La sinistra, o quello che ne rimane, cioè sul territorio quasi nulla, se non nelle roccaforti, che riesce ancora a mantenere e a tratti saggiamente amministrare, appare destinata a un indecoroso harakiri, che apra le porte e stenda i tappeti rossi alle destre più becere di Matteo Salvini e di Giorgia Meloni.
La sinistra vanta ancora nelle sue fila una presunta classe dirigente capace e competente, ma se il disegno è quello di autodistruggersi, o di farsi fagocitare dal nuovo Movimentando 5 Stelle, targato Giuseppe Conte, il PD non ha che da dirlo chiaramente.
Non si capisce, ad esempio, in vista delle prossime elezioni amministrative, nella lotta per la leadership nelle grandi città come a Roma, perché non abbia scelto decisamente Calenda, cercando un approccio realmente unitario, invece di imbarcarsi in una lotta fratricida, scegliendo il samurai Gualtieri, per rimarcare una presenza che rischia di favorire la Raggi.
A Taranto, Letta ha preso l’ennesima cantonata, dichiarando che la situazione della capitale ionica potrà essere risolta non prima dei prossimi 30 anni e prendendosi i fischi, insieme con Cingolani, ministro fantasma di quella Riconversione ecologica, che nessuno ha ancora capito che cosa sia, degli operai e dell’intellighenzia Tarantina, che per una volta si sono ritrovati uniti.

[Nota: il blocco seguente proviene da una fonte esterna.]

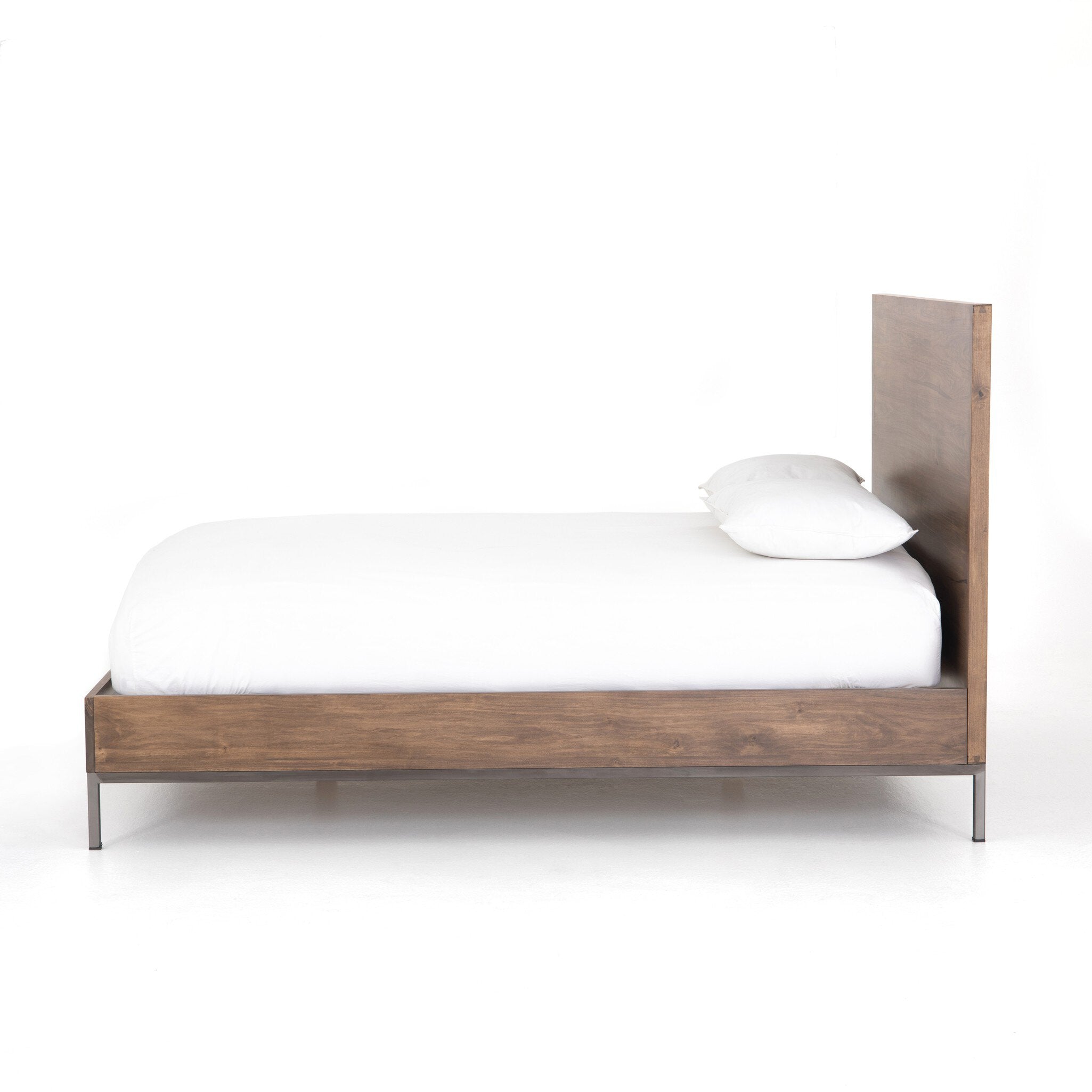 Trey Bed - Auburn Poplar | King
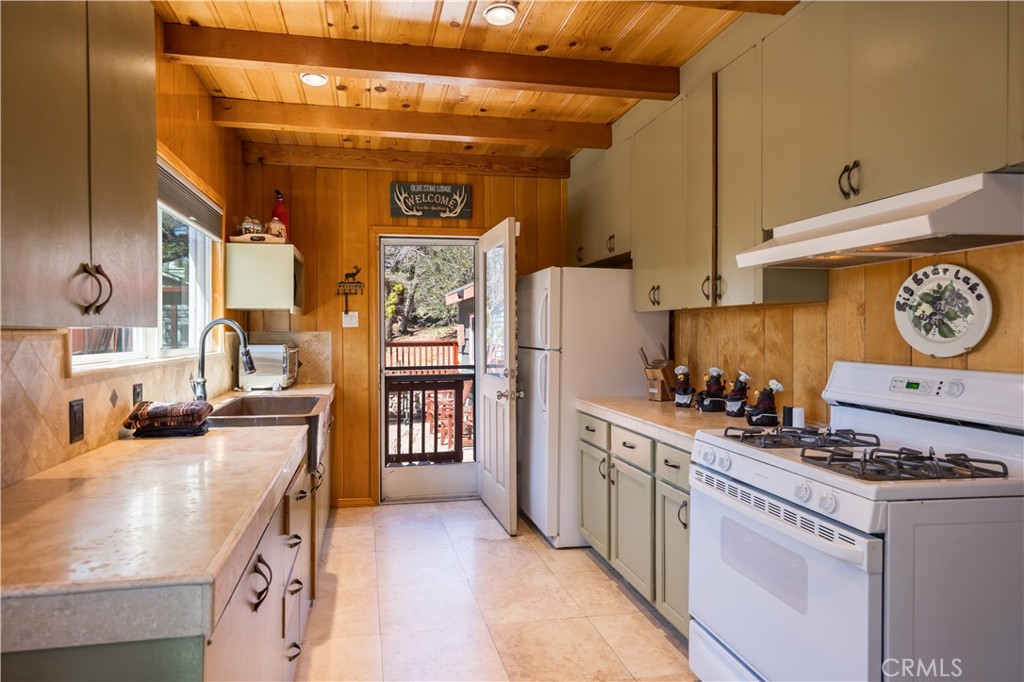 43656 Ridge Crest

Non si può andare avanti così. Ci vuole un deciso cambio di passo. Lo ha detto a chiare lettere anche il Presidente della Regione Emilia-romagna, quel pragmatico di Stefano Bonacini: Bisogna rimettere il lavoro al centro. Ma è difficile che Letta lo faccia, tranne che qualcuno lo convinca a lasciare l’Iperuranio e a scendere sulla Terra.